Mutation of the TRPC2 gene began in common ancestor of Old World monkey
Using PCR (polymerase chain reaction) amplification and gene sequencing techniques, Liman and Innan discovered that the TRPC2 gene (a gene that expresses a cation channel which is critical to VNO function in mice) in humans contains six deleterious mutations that generate stop codons, two indels (insertion/deletion genetic mutations), and four missense mutations.  Further, these procedures were used on the homologous TRPC2 gene in 15 extant primates, uncovering several frameshift and non-sense mutations in Old World monkeys, leading to truncation of the C terminus and mutations located in the N terminus.  In New World monkeys, however, there were no mutations found, suggesting that deleterious mutations in TRPC2 gene began in the common ancestor of Old World monkeys.

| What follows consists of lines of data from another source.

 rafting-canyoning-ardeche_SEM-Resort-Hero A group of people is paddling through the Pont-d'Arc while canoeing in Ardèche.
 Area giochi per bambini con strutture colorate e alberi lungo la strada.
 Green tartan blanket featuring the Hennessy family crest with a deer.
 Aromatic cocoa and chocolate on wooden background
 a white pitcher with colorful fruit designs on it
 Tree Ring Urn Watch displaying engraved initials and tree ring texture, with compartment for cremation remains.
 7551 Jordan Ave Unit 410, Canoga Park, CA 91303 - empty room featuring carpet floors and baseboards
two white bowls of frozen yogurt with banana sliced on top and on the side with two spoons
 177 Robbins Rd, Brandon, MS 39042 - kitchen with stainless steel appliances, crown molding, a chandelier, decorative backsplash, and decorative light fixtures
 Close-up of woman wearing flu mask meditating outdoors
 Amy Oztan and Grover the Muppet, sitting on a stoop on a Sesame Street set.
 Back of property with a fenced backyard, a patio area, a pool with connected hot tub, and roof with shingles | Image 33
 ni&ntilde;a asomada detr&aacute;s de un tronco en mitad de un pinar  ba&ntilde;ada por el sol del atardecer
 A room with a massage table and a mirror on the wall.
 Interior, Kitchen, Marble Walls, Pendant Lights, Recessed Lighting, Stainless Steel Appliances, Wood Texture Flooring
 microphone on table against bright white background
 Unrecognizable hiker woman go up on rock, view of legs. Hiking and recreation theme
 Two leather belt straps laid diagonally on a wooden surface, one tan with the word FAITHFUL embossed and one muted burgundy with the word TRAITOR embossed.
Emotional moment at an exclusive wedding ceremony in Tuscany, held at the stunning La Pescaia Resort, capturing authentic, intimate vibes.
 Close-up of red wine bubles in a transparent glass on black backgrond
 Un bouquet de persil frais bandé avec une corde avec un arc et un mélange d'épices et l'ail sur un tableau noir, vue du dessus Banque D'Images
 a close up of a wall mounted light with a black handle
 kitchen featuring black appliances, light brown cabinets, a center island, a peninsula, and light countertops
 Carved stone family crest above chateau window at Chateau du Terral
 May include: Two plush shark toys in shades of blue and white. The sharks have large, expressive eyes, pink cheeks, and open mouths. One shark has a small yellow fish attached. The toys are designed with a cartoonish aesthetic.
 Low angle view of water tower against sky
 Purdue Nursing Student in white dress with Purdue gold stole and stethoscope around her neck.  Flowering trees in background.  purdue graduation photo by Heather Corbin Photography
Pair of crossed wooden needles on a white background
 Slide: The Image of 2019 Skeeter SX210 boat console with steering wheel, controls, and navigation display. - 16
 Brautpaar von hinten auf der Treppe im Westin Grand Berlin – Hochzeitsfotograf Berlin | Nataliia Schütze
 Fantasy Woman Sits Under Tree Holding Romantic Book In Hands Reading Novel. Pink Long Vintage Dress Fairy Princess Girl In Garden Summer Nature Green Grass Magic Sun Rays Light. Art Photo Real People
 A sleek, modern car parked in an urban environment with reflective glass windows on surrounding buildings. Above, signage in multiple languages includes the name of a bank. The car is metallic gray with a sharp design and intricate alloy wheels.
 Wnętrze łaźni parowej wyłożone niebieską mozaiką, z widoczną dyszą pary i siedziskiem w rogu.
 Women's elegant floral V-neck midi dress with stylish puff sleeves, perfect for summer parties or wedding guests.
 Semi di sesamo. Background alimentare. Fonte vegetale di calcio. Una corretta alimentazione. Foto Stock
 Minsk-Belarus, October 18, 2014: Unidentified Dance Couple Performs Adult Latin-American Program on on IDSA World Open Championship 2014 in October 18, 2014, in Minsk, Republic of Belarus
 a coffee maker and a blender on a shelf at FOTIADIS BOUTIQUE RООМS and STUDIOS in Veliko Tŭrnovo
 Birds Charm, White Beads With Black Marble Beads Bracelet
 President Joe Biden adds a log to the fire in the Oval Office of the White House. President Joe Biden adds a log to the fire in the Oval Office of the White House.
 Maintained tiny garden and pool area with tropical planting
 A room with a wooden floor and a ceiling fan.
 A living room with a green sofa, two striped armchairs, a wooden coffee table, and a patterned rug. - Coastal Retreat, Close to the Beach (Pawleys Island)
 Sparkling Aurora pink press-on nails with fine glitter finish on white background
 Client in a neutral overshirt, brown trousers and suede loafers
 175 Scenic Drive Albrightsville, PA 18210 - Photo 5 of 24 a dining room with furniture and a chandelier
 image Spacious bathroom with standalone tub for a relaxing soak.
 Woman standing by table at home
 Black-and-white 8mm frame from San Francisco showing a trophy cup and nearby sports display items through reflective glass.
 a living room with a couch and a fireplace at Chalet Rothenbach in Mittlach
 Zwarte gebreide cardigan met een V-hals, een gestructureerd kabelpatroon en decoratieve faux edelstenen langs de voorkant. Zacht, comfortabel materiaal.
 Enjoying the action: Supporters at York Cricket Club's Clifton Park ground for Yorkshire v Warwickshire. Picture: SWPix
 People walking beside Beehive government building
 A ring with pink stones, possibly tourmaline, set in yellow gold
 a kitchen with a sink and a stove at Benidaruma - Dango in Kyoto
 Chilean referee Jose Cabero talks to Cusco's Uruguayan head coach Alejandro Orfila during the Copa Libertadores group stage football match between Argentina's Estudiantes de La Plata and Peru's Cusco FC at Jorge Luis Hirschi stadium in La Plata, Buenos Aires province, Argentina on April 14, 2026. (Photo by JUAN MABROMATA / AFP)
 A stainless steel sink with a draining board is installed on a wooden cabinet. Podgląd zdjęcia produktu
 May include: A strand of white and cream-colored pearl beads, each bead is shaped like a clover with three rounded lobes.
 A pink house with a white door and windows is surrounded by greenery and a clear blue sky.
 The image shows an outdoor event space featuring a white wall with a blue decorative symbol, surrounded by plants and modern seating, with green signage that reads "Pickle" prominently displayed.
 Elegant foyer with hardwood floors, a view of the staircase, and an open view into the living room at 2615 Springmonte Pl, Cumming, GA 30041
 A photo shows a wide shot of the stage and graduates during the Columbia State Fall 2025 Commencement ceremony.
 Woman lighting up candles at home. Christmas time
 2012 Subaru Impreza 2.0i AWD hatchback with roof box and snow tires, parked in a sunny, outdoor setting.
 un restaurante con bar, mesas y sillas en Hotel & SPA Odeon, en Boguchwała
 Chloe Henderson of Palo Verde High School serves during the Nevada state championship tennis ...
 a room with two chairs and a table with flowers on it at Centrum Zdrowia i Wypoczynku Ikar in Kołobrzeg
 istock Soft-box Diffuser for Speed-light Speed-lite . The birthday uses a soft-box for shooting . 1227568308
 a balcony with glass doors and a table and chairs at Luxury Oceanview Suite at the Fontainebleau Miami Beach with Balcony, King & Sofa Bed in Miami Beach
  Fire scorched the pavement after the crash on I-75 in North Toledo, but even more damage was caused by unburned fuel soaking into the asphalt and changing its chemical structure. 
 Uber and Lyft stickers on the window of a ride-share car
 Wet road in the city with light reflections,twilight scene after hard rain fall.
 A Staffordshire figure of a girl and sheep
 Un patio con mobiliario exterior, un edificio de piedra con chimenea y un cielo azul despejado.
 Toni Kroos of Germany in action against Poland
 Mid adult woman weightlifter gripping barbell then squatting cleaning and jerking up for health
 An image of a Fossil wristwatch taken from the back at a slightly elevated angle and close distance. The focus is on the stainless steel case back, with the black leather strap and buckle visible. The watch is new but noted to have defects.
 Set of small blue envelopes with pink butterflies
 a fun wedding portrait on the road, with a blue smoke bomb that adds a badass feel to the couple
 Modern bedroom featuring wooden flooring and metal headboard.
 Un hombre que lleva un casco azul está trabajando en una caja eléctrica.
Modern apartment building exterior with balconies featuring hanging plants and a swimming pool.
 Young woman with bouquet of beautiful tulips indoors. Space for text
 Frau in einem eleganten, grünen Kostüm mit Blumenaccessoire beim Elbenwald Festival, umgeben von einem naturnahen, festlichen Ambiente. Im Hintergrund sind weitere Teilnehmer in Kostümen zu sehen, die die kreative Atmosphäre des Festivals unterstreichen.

Figure A-B. [Liman & Innan, 2003]
A: Mutations numbered 1-9 in phylogenetic tree that infers time of deleterious mutations in TRPC2 gene.
B: Representation of the TRPC2 ion channel with number markers indicating the position of each mutation.  Numbers correlate with mutations in A.  Black bars represent transmembrane domains.


Evolution of the V1R Gene (a pheromone receptor gene)

V1R and V2R are two pheromone receptor families that are present in the VNO and know to affect VNO function.  Studies have shown a divergence in these receptors in six mammals: the mouse, rat, human, cow, dog, and opossum.  Although humans and rodents may be closely linked genetically, the pheromone receptor expressions differ greatly between species [Grus, W.E. et al, 2005].

Loss of V1R ancestral genes due to pseudogenes
For example, an analysis of the functional V1R and V2R genes within the six mammalian families found that placental V1R genes had excessive loss of ancestral genes. The loss is due to high number of pseudogenes (genes that are not actively expressed in cells). There are no V2R genes found in non-rodent families.  Rodent families such as mice have 187 functional V1R genes and rat have 102 functional V1R genes.  Further, cows only have 32 functional V1R genes, dogs have 8, and humans only have 4 [Grus, W.E. et al, 2005]. 

The loss of V1R gene and VNO function are compensated
These discoveries may indicate that the numbers of V1R genes correlate to the complexity of VNO morphology and the evolution of this gene from rodent to mammals.  Again, it is suggested that the loss of VNO function in primates may have been mediated by the acquisition of other abilities, such as the development of tri-chromatic vision [Grus, W.E. et al, 2005].  It has also been suggested that this variability may allow different species to perceive and respond differently to the same chemosensory stimulus to help maintain an effective species barrier [Rodriguez, I., 2005].

This phylogenetic tree displays the variation in V1R genes throughout different mammals [Grus et al., 2005].